TASK STATEMENT: Exact copies of the lines below are the goal; any images in them are dropped.
-------- RECORDED INFORMATION
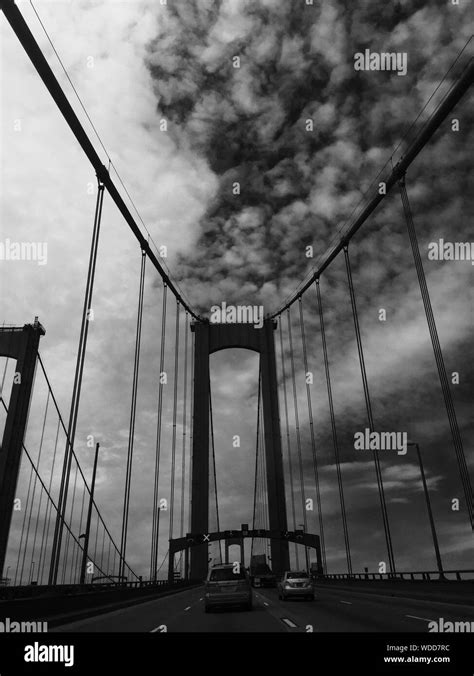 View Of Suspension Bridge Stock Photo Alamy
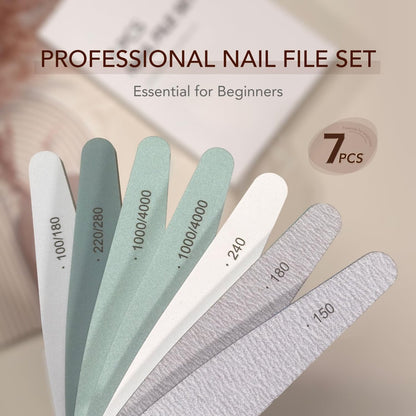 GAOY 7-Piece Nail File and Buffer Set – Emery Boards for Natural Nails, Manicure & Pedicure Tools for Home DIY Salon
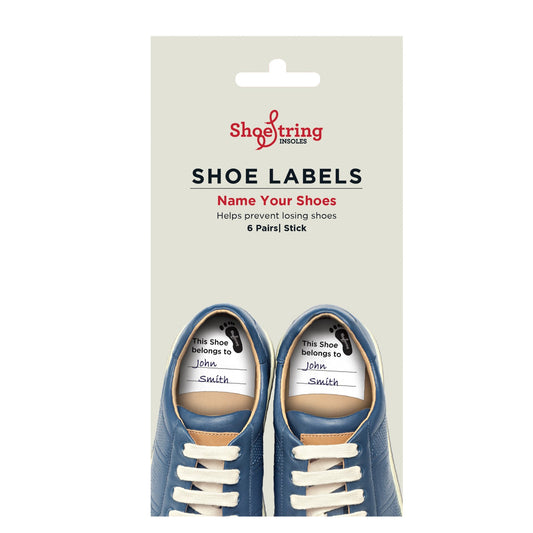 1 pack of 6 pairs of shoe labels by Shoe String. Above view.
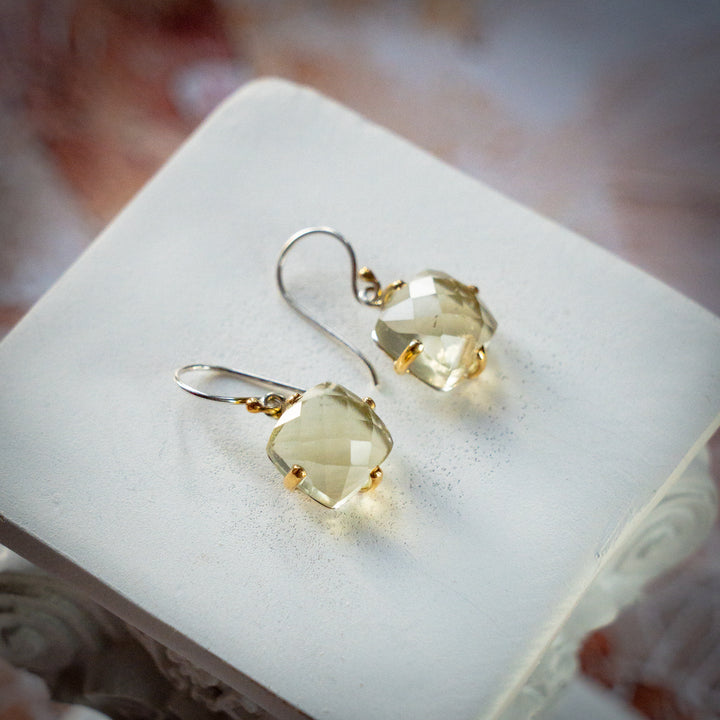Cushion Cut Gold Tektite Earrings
----------------
RESPONSE:
 View Of Suspension Bridge Stock Photo Alamy
 GAOY 7-Piece Nail File and Buffer Set – Emery Boards for Natural Nails, Manicure & Pedicure Tools for Home DIY Salon
 1 pack of 6 pairs of shoe labels by Shoe String. Above view.
Cushion Cut Gold Tektite Earrings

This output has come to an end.